A month-by-month look at coyote habits.

Martin W. Duke | June 10, 2018

By Martin W. Duke and Renee Nolan

The coyotes’ big meal wagon of summer is nigh, and we humans are serving the appetizer. With summer’s heat rapidly approaching, we hardly think back to six months ago when we shared our fabulous, warmly unifying Thanksgiving tradition with our families and friends and gave thanks for all our collective blessings. Our equally rich hunting heritage is also a tradition passed along generationally through participation and emulation and becomes woven into an individual’s being.

Today’s hunters owe thanks to their mentors who passed along our hunting heritage by giving their time and patience to bumbling, noisy neophytes and introduced them to their outdoor world. Good hunters of all species are constant observers, and the more keenly hunters observe and detect movement, trends and habits of their prey and their environments, the more successful they will be. I learned and use a highly effective predator hunting tip passed on to me by an older hunting buddy, Uncle Russell. Like many “southern” uncles, he’s no blood kin to me, but he was long ago conferred that title of respect and high regard.

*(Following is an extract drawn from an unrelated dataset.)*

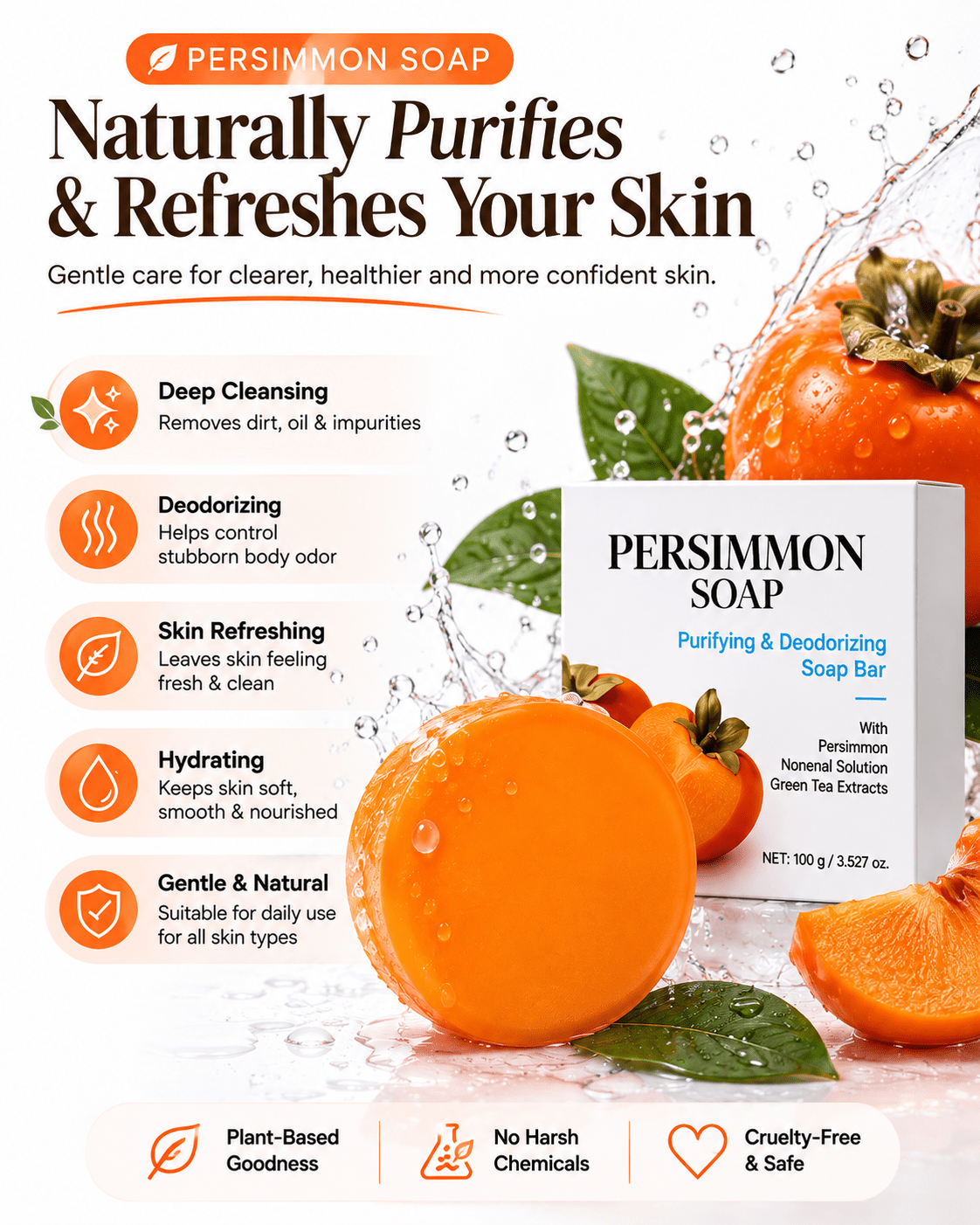 Persimmon Soap Bar by SOVASH™ – Skincare by SOVASH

Habitat and cover are critical and necessary for survival of wildlife, which instinctively behaves in predictable and observable manners. Like us, though their logic is not as advanced as ours, coyotes want to attain maximal energy by expending minimal energy with minimal exposure and risk. On occasion, I have written of the antibiosis relationship between coyotes and cattle. June brings another cattle-raising event that enduring predator hunters can use to their advantage.

To passing observers, cattle ranching may inaccurately appear to be a somewhat passive activity when grass is abundant, with ranchers’ direct involvements with their cattle seemingly casual, but it is significantly not casual during leaner times of the year, as cattle’s ravenous appetites must be supplemented. The bulk of wintertime supplement is hay, and ranchers’ summer haying operations are what predator hunters should capitalize on during June.

Let’s consider that the rancher drives the tractor with the mower attached into the outer edge of the hay field and begins mowing the tall grass, lapping the field in ever-smaller concentric circles until finally reaching its center, and how that affects some the field’s lower inhabitants like mice and rabbits. As the cutting begins, smaller prey species have two survival options, escape left or right. However, the subsequent laps around the field make June coyote hunting in the hayfields worthwhile, as those smaller preys’ choices are then only in the direction of the tall, uncut cover, which is getting smaller with each lap, until finally the last uncut grass—along with the mice, and rabbits—are cut in the middle of the field.

This appetizer from the big meal wagon, served courtesy of the haying operations, are opportune for summer coyote hunting. Once the tractor commotion has quieted in the freshly mowed fields, coyotes can be occasionally observed in broad daylight standing mid-field feeding on fresh carrion and catching the concentrated mice. If using an e-call, it works best to place it mid-field, lightly covered with grass clippings and co-locate an optional tail-spinner. Then retreat to a shaded over-watch position with the best view of the field’s edges. Mouse squeaks or baby cottontail are effective distress sounds while observing all that is happening.

Next month, the strategy main course is served. Meanwhile, June is a great month for enjoying this appetizer, and anytime is a great time to tell others, “Thank you.”